No, la posición de las mujeres en África no ha sido menos ridícula que en cualquier otra parte —los detalles específicos sólo son interesantes en términos de color local o de las necesidades concretas de las familias—, a menos que hayas tenido la suerte o la desgracia de haber nacido en una de esas familias que pueden imaginarse vidas alternativas para los críos, diferentes de las que viven los adultos.
Por ejemplo, para cuando yo nací, mi padre había llegado a la conclusión de que la educación formal occidental era la respuesta a los problemas y las limitaciones de
la mente no cultivada, y para el completo erial que era la suma de nuestras vidas como mujeres (2).
Una tía mía que había aprendido a leer lo justo de nuestra lengua como para pertenecer al coro de la iglesia, y que siempre lamentaba el destino que la había privado de tener más oportunidades educativas, me dijo una vez cuando yo estaba en secundaria: «Hija mía, llega todo lo lejos que puedas con esta educación.

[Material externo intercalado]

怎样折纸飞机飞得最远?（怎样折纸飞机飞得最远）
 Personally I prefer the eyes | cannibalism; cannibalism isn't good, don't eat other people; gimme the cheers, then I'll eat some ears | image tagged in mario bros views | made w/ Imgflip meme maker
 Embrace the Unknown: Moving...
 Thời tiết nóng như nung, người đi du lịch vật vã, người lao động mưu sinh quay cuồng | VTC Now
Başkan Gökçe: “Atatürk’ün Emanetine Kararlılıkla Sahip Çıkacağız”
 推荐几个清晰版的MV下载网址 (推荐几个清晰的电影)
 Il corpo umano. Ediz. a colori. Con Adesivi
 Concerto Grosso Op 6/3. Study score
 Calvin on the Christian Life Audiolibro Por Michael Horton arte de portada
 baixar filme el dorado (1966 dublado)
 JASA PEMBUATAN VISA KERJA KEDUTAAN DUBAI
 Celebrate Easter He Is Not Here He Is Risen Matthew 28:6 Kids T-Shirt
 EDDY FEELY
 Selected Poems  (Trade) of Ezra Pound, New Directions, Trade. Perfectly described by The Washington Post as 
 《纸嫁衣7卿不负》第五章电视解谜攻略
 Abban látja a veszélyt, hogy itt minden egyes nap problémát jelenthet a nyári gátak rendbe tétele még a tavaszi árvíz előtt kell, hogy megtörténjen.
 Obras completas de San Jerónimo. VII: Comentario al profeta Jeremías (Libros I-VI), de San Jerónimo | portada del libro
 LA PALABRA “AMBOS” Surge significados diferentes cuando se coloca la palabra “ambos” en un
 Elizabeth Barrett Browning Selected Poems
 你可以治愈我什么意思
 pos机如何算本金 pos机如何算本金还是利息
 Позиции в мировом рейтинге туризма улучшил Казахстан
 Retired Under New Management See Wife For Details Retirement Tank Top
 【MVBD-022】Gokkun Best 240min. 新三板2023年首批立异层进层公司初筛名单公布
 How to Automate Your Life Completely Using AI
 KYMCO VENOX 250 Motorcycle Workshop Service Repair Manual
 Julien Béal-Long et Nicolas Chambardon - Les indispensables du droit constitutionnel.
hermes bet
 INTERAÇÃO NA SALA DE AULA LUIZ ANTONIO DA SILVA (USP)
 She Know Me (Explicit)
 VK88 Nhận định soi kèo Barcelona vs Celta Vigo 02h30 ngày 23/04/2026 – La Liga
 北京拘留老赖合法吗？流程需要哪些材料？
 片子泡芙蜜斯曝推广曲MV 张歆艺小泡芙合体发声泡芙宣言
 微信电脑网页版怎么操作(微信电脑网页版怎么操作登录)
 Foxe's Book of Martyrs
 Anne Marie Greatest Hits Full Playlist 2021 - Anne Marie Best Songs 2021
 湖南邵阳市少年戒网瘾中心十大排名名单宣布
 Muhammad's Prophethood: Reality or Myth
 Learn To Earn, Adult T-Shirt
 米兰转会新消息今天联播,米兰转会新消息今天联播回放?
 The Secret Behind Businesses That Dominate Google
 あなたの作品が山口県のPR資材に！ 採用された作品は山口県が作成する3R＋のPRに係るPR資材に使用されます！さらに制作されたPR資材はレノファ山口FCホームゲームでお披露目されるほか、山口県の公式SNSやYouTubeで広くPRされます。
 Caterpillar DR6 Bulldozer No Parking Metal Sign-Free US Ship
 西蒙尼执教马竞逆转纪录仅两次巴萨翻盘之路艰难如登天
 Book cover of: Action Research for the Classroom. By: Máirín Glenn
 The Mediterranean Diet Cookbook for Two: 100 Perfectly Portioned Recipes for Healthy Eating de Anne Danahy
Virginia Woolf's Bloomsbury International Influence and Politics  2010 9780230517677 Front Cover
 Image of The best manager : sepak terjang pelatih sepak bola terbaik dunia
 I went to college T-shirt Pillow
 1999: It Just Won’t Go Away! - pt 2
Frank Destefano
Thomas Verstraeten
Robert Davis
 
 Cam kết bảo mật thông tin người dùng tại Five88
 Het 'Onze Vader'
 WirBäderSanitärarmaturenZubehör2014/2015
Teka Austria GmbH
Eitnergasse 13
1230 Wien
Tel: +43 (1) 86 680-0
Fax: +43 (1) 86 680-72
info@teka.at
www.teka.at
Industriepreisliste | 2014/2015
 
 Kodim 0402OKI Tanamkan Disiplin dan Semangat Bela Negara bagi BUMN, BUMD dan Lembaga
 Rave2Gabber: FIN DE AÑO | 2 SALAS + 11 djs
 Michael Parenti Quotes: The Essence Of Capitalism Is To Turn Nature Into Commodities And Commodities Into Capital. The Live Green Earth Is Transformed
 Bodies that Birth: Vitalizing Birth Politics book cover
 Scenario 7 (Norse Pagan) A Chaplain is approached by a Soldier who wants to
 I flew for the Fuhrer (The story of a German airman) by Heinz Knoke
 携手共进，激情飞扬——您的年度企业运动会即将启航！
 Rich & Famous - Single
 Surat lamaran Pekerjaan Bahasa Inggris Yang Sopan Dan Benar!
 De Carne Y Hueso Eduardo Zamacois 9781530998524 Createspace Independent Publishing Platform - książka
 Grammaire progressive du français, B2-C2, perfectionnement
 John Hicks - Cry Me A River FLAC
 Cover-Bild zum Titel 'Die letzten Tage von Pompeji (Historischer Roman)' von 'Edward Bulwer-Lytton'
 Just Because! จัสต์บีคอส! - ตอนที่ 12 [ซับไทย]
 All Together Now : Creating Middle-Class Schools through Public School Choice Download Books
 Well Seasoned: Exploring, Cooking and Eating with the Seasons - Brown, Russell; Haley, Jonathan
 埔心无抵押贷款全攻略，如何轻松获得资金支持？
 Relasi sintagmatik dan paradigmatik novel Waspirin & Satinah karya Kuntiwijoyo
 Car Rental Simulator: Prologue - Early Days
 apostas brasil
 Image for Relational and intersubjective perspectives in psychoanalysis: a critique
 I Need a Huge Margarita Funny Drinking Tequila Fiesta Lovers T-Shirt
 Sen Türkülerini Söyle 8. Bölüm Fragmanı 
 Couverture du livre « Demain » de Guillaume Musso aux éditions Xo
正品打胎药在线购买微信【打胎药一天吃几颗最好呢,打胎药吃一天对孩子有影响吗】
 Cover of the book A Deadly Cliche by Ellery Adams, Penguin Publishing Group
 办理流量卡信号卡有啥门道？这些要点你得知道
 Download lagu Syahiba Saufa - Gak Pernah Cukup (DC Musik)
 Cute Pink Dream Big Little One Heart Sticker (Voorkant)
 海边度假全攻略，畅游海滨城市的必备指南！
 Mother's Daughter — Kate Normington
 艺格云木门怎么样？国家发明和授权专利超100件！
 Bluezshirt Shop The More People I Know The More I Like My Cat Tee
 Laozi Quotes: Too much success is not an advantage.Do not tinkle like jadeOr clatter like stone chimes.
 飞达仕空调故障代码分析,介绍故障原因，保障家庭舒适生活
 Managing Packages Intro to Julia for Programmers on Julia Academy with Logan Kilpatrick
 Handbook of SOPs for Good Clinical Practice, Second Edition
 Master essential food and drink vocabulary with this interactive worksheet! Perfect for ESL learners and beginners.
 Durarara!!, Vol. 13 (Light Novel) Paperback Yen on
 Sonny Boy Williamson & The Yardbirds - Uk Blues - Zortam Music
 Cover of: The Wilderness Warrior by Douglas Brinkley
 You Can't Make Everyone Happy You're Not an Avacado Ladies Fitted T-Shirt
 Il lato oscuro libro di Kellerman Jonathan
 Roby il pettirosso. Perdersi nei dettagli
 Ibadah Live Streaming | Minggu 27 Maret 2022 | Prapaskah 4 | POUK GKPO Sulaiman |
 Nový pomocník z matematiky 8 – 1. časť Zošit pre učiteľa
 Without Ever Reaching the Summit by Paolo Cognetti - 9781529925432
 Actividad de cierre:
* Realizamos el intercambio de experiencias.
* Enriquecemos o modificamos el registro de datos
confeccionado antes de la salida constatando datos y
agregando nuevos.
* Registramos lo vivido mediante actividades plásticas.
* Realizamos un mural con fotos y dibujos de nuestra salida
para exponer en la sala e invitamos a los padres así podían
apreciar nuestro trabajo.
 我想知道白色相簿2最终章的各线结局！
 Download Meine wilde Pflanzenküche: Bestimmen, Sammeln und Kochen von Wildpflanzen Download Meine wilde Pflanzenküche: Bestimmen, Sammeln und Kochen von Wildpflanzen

Dale y dale y dale. Dale hasta que te aburras. Porque un marido es algo que una se encuentra por el camino».
De esto hace mucho tiempo.
Y, por tanto, ¿tiene algo de raro que no dé crédito ahora, cuando socializando con estudiantes de ambos sexos, académic@s y catedrátic@s, me entero de que piensan, creen e incluso insisten en que, básicamente, la mujer está hecha para el matrimonio? ¿Y que para una mujer la educación superior sólo es una forma desafortunada de posponer su auto-realización ¿Y que cualquier carrera profesional fuera del hogar es naturalmente cosa de hombres y de unas cuantas tías «feas»? ¿Que la única forma de que una mujer haga carrera académica es estando casada? ¿Y que, si no se casa, está poniendo de manifiesto su falta de atractivo? ¿Y que si obviamente es una persona tan poco atractiva, en otros aspectos también será una cabeza loca, que además hace sentirse incómodas al resto de las personas?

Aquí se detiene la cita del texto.